While I agree with you, I think it's important not to overgeneralize today's methods of 3d printing with being the only methods possible.

  For example, I've often speculated a lot about the prospect of using thermal spraying as a printing method. That is, you have any sort of powder or other fine material, fed into a chamber with the Venturi effect. Therein a custom mix of air and fuel is injected at specifically chosen partial pressures. Consequently, depending on what material you're using, you can choose the impact speed and temperature of the particles, anywhere from "cold" to thousands of degrees and anywhere from less than 1 meter per second up to a thousand or more. The size of the nozzle determines flow rate, so you could swap between different print heads for bulk vs. fine detail. You're essentially unlimited in what materials you can use. You could, for example, print isotropic fiberglass composites by alternately spraying fine chopped fibers and a resin. You could even do so by spraying simple quartz sand at high enough temperatures, fast moving molten sand in the air forms fiberglass. Your resin could be a thermoset powder heated during travel, an epoxy that reacts after being mixed on impact, or a wide variety of other possibilities. High velocity spraying of metal powders produces metal structures stronger than simple casting. You could spray at low velocity chemicals for the filling of things like capacitors or resistors. Thermal spraying is often as it stands used to apply durable clear coatings to materials to protect them, so clearly transparency is no problem. And any printer built around the principle of launching varied small particles at high speeds could polish, sandblast, coat, engrave, paint, or do whatever other surface treatments you wanted. It could build scaffoldings and then obliterate them afterwards. And on and on down the line.

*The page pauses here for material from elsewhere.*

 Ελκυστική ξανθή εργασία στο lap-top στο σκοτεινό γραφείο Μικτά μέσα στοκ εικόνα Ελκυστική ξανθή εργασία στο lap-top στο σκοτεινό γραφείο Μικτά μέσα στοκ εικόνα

It still wouldn't let you do fine detail, though (if anything you'd struggle to get as high detail as with conventional 3d printers). For detail work you'd have to add in a lithography setup. Some types of feed inputs would require refrigeration to remain as dusts. And of course some things would still be easiest assembled with literal assembly, aka, a robotic arm or two would be quite useful. So we're getting more and more complicated here.

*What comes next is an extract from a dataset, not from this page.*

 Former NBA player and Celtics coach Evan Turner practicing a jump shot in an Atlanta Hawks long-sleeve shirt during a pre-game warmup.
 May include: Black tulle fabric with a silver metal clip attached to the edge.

Do I think such a thing is right around the corner? Of course not. Could my conception turn out to not work well at all as a 3d printer? Quite possibly - as far as I know, nobody's ever tried. But I'm just pointing out, when talking about future tech, you shouldn't evaluate it based on how today's tech works.

Problem will be printing small things, atomic scale assembly, not just squirting some plastic parts

And yet you want to 3d print a fuel cell for a car? How do you plan to 3d print a PEM?

At least 3d printing a battery might be plausible if you have a 3d printer that can take an extremely wide range of materials (not a li-ion battery, though, you run into the same sort of membrane problems.. I really doubt there's any technology that will allow you to just jet down a membrane material and have it allow through your specific desired ions, at a sufficient flow rate, without leaks)

And where on earth are you getting that printed titanium parts are cheaper than non-printed? Have you ever priced titanium printing? iMaterialise, for example, offers it. A 2x2x4 cm bounding box with a mere 1 gram of titanium (picture how little that is that is compared to a plane) costs a staggering $124. Titanium laser sintering printers are slow energy hogs that cost a king's ransom and even titanium powder itself is absurdly priced compared to bulk titanium. And no, the stats aren't better, they're slightly worse for the exact same shaped part. Maybe you can make a more optimally shaped part and that'll allow you to get better performance, but in terms of raw material properties, it's unimpressive.

The question becomes, how to get manufacturer buy in?

For starters, I think we need a certification mark for products, at the very least, to indicate that their parts are 3d printable (see above). But beyond that, I'm not really sure how to get manufacturer buy-in.